Microsoft is a company that relies heavily on third party manufacturers to bring their dreams to reality, but in recent years the Washington-based powerhouse has been following the example set by Apple in regards to manufacturing their own devices. First came the Xbox, and then the Zune, and now their new line of tablets named Surface has just been announced. Surface is Microsoft’s answer to Apple’s iPad, but will their latest venture be a success, or will it go the way of the Zune?
Has Microsoft missed the tablet boat?
Microsoft always has good intentions, but their biggest weakness in previous years has been their inability to release products at the right time.
Microsoft’s Zune MP3 player was considered by many to be far superior to Apple’s iPod but it took Microsoft so long to get the device to market that the iPod had already developed a huge fan base. The same can be said about the Windows Phone platform. Windows Phone is a great platform in its own right, but it came out 3 years after the original iPhone, and two years after the first Android device, and now Microsoft is trying to play catch up.
Microsoft is going to be releasing their line of Surface tablets later in the fall, and their release will coincide with the release of Windows 8, but have they fallen into the same trap again? When the Surface tablets are launched, Apple’s iPad will be well into its third generation, and Android tablets will be some of the most powerful on the market.
Microsoft will have to ensure that their line of tablets offer something new, something that will make current iPad and Android tablet users take note. The great news for Microsoft is that their Surface Tablets are already causing a huge stir.

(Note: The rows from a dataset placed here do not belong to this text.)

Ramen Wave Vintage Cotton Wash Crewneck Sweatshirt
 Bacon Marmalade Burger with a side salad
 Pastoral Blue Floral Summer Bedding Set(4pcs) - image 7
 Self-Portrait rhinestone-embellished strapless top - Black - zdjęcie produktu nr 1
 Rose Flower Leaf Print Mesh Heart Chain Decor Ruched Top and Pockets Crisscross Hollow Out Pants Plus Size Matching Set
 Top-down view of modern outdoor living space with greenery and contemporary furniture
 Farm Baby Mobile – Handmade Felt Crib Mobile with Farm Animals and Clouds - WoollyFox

What makes Surface tablets different?
Two models of Surface were announced on June 18, 2012: the Surface RT and the Surface Pro . The RT has a 10.6 inch screen, multiple connectors, including Micro SD support and multiple accessory support (including the amazing 3mm thick keyboard/cover), and it will be powered by an unspecified NVIDIA processor (possibly the Tegra 3), while the Surface Pro will be a full blown PC that will sport an Intel i5 processor, a 1080p display and USB 3.0 ports
From a hardware standpoint, the Surface tablets are similar to the iPad and current Android devices. What will set Surface apart is the software. Both models will run Windows 8 , which is Microsoft’s ground breaking new operating system. It is gorgeous to look at, and is very fast and efficient. It was designed with touch in mind and is well suited to the tablet format. The real game changer though is that both Surface tablets will offer a full operating system experience.
The RT version will look and feel just like Windows 8 would on any PC. The only downside is that it will not be able to run PC programs. Users will be able to download applications from the included app store and it will have Microsoft Office pre installed, which means that out of the box it is well suited for business use. The Surface Pro however is a full blown PC. Any program you can run on a current PC, you can install and use on the Surface Pro. You will have a full PC in a package that is just 13.5 millimeters thick.
Microsoft’s Surface tablets are going to really shake up the tablet world. Surface tablets will still be as portable, functional and as fun to use as current iPad and Android tablets, but they will also be able to offer a level of sophistication and real PC use that current tablets cannot provide.
Only time will tell but it seems as if Microsoft has done their homework and they might just have the first product that could remove the tablet crown from Apple’s head. Surface tablets will be released this fall and will be priced competitively.